▸ **What the task requires**
Starting from the line with "8 Best Beaches" and going up to and including the line with "Charaxes guderiana guderiana", copy the listing below exactly. Leave all images out.

▸ **Data for review**

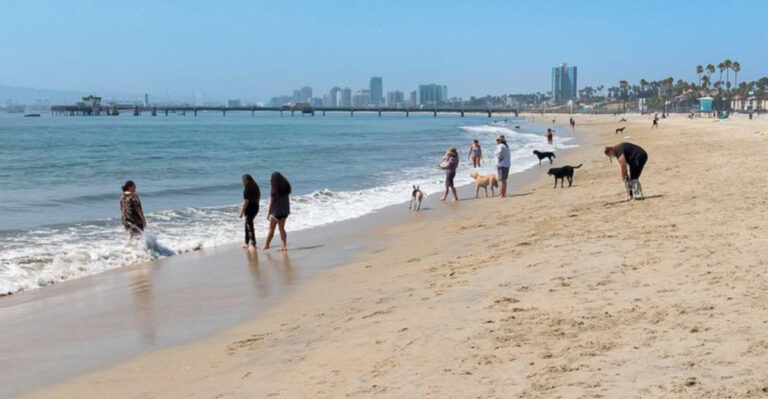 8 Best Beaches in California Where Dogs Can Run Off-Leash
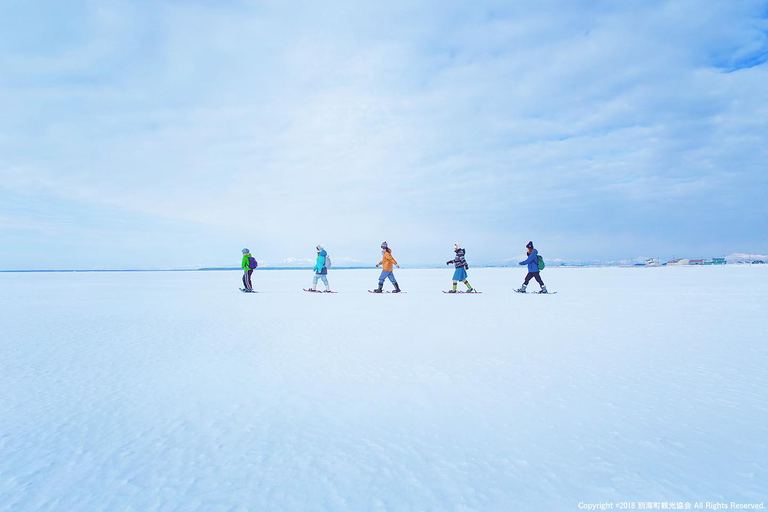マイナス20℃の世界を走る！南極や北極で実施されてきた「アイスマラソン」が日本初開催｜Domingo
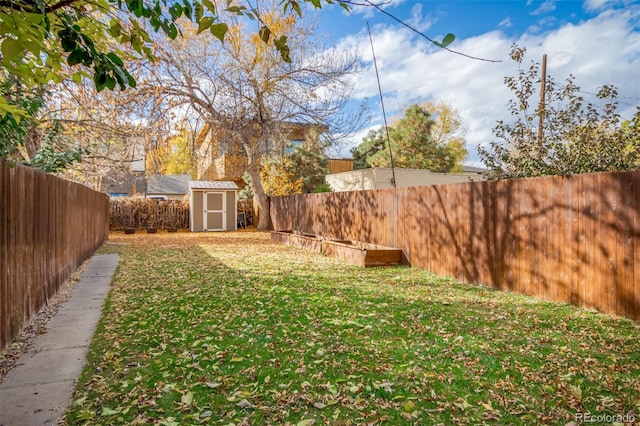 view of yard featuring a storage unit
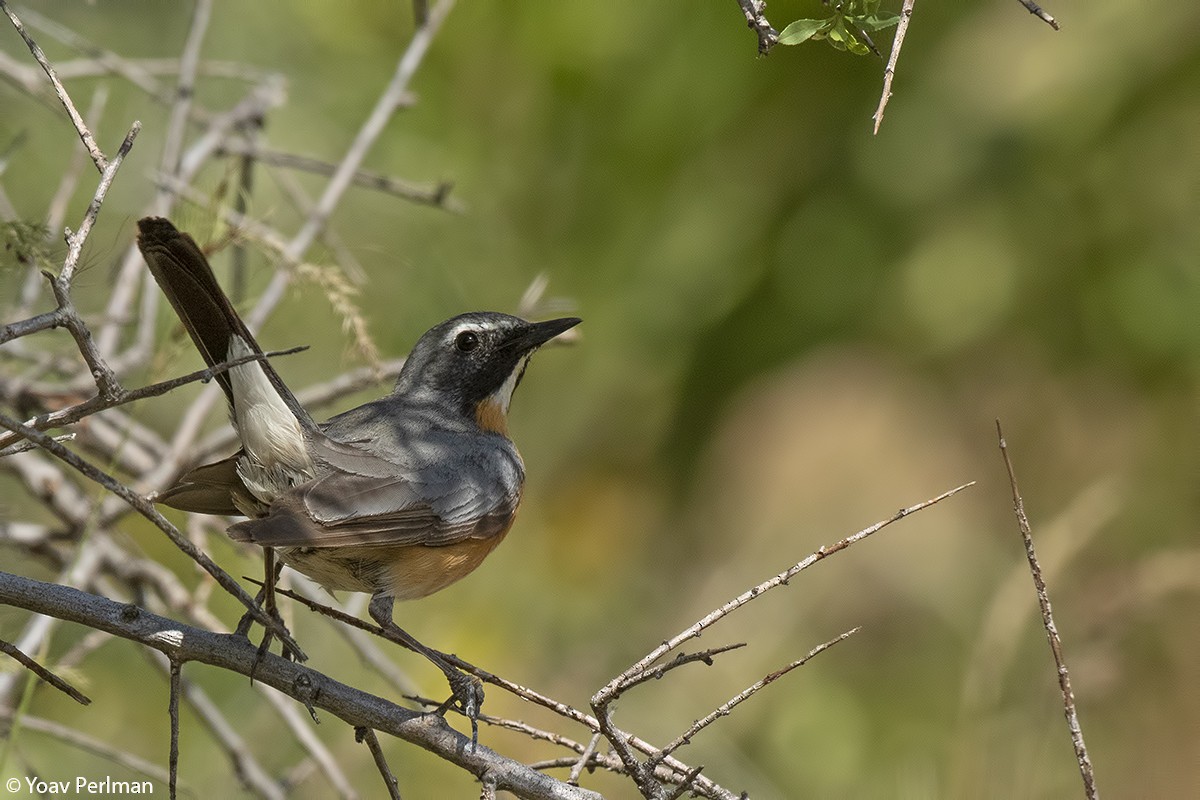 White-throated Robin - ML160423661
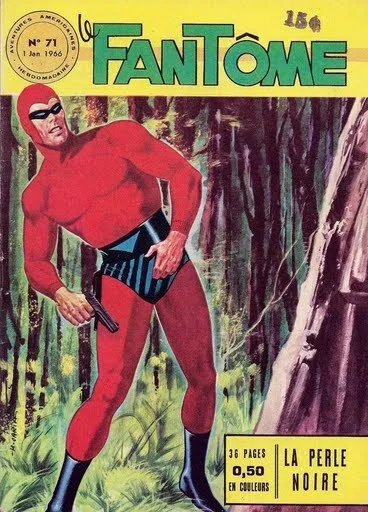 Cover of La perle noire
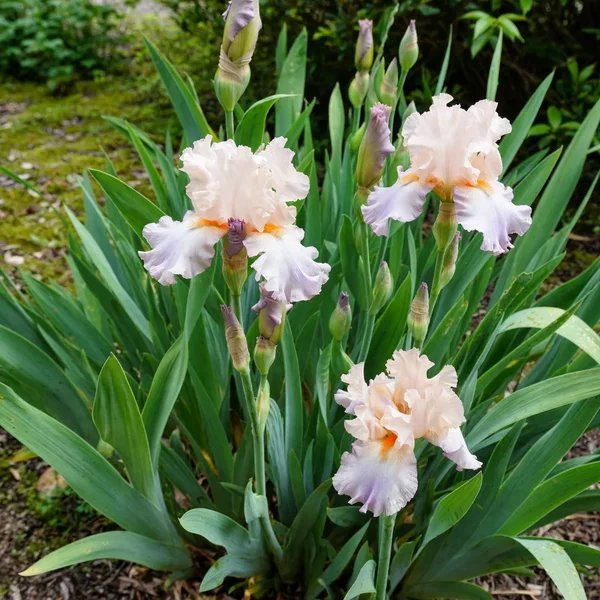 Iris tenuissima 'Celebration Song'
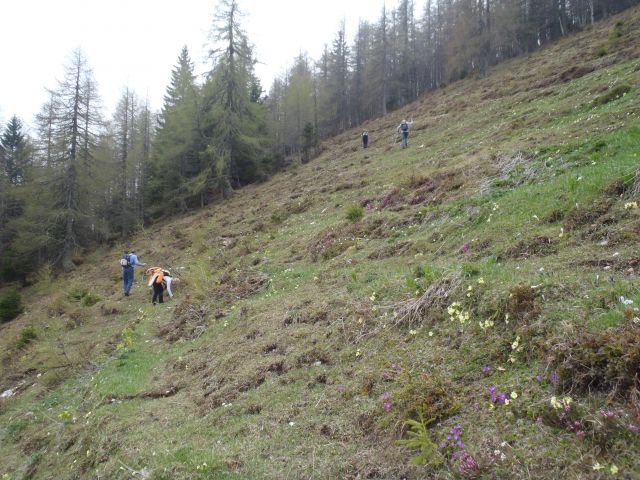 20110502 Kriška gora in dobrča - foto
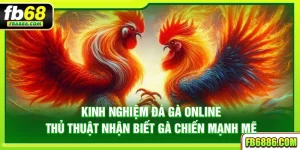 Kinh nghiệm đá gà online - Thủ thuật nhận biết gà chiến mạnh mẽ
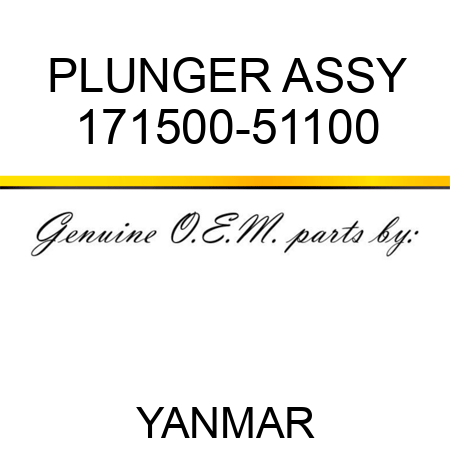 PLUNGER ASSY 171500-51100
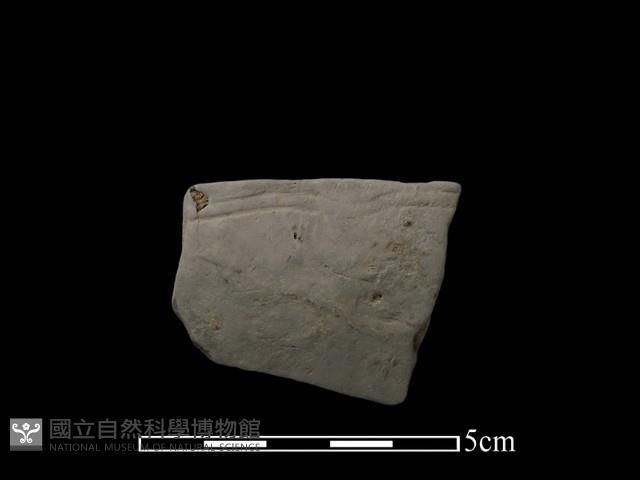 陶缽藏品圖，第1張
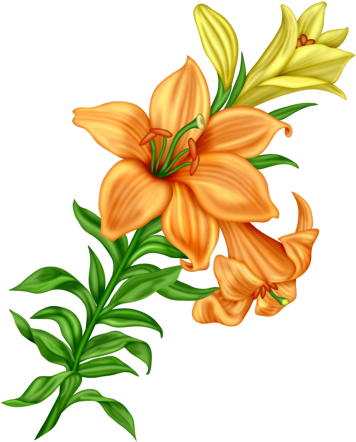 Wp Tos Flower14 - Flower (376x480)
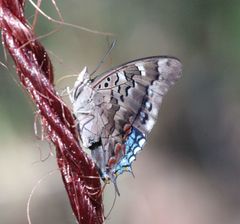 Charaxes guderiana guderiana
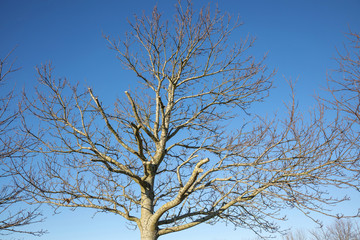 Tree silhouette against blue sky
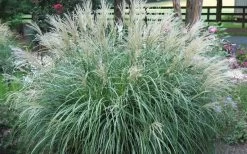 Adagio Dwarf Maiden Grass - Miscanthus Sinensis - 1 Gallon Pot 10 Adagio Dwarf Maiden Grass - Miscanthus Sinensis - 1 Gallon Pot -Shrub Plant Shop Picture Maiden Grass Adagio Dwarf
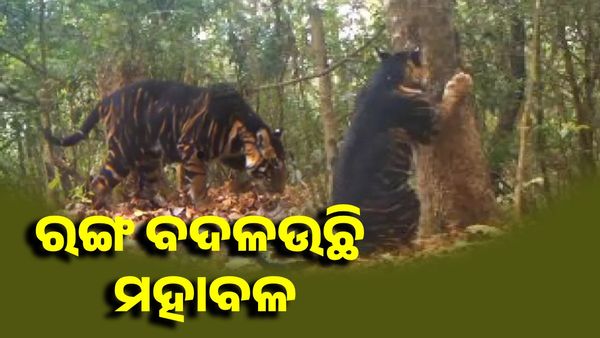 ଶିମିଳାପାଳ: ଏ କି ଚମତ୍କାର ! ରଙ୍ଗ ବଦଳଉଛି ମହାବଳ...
---
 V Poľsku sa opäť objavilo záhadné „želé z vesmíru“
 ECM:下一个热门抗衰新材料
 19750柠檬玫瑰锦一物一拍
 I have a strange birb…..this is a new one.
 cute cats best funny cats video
* * *
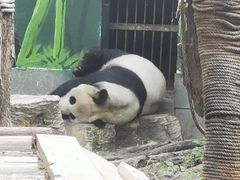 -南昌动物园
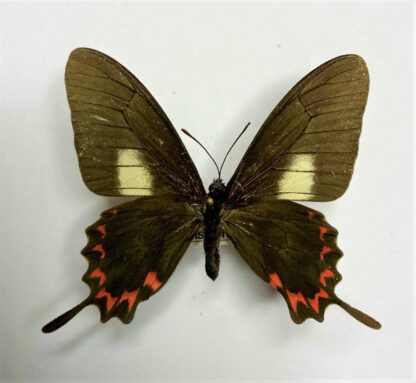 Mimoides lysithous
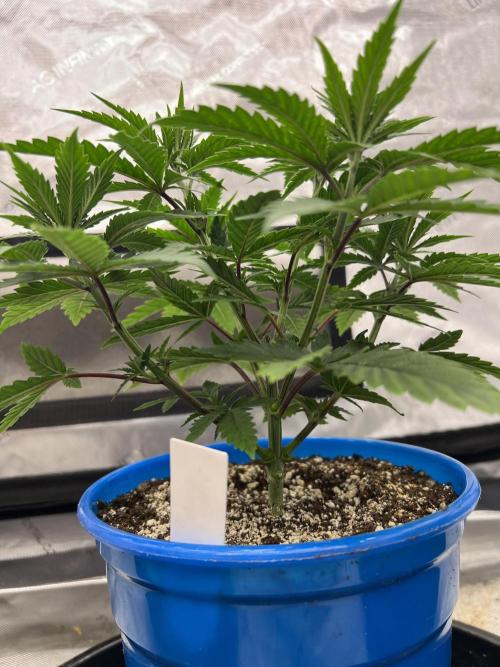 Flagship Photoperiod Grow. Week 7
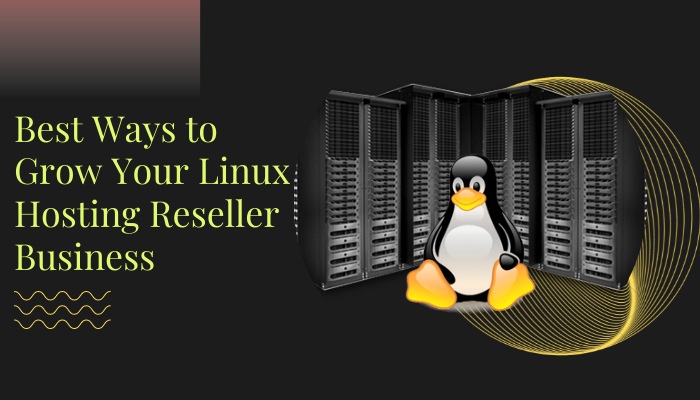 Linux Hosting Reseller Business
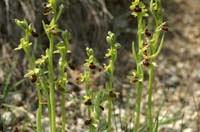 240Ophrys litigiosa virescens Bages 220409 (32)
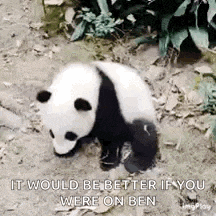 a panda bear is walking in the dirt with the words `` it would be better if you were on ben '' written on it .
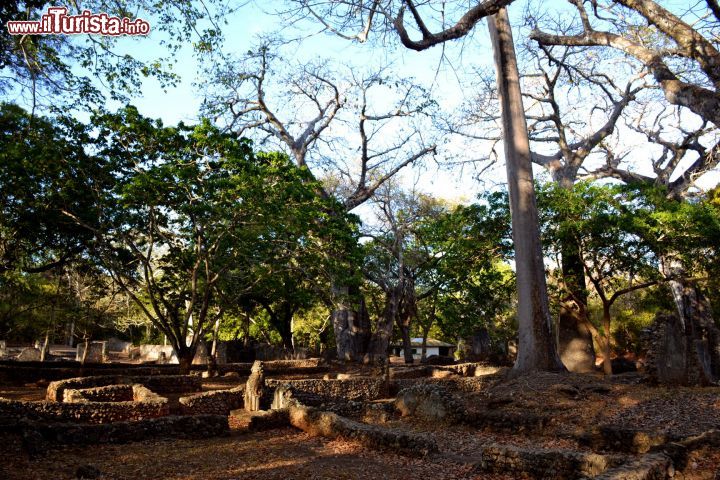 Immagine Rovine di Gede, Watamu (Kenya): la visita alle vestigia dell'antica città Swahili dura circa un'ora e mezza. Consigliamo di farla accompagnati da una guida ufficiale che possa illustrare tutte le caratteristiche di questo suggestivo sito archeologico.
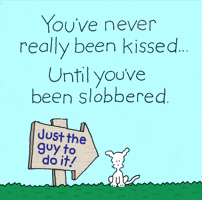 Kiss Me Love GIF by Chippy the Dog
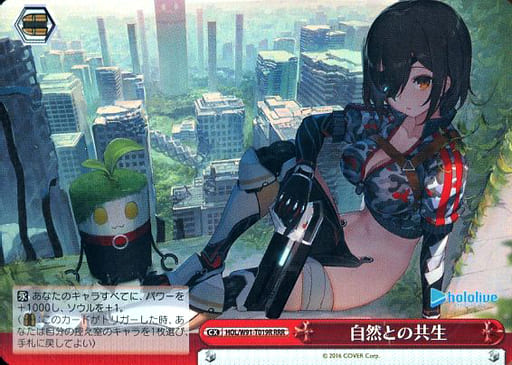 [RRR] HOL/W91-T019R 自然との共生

▸ **Answer box**
 8 Best Beaches in California Where Dogs Can Run Off-Leash
マイナス20℃の世界を走る！南極や北極で実施されてきた「アイスマラソン」が日本初開催｜Domingo
 view of yard featuring a storage unit
 White-throated Robin - ML160423661
 Cover of La perle noire
 Iris tenuissima 'Celebration Song'
 20110502 Kriška gora in dobrča - foto
 Kinh nghiệm đá gà online - Thủ thuật nhận biết gà chiến mạnh mẽ
 PLUNGER ASSY 171500-51100
 陶缽藏品圖，第1張
 Wp Tos Flower14 - Flower (376x480)
 Charaxes guderiana guderiana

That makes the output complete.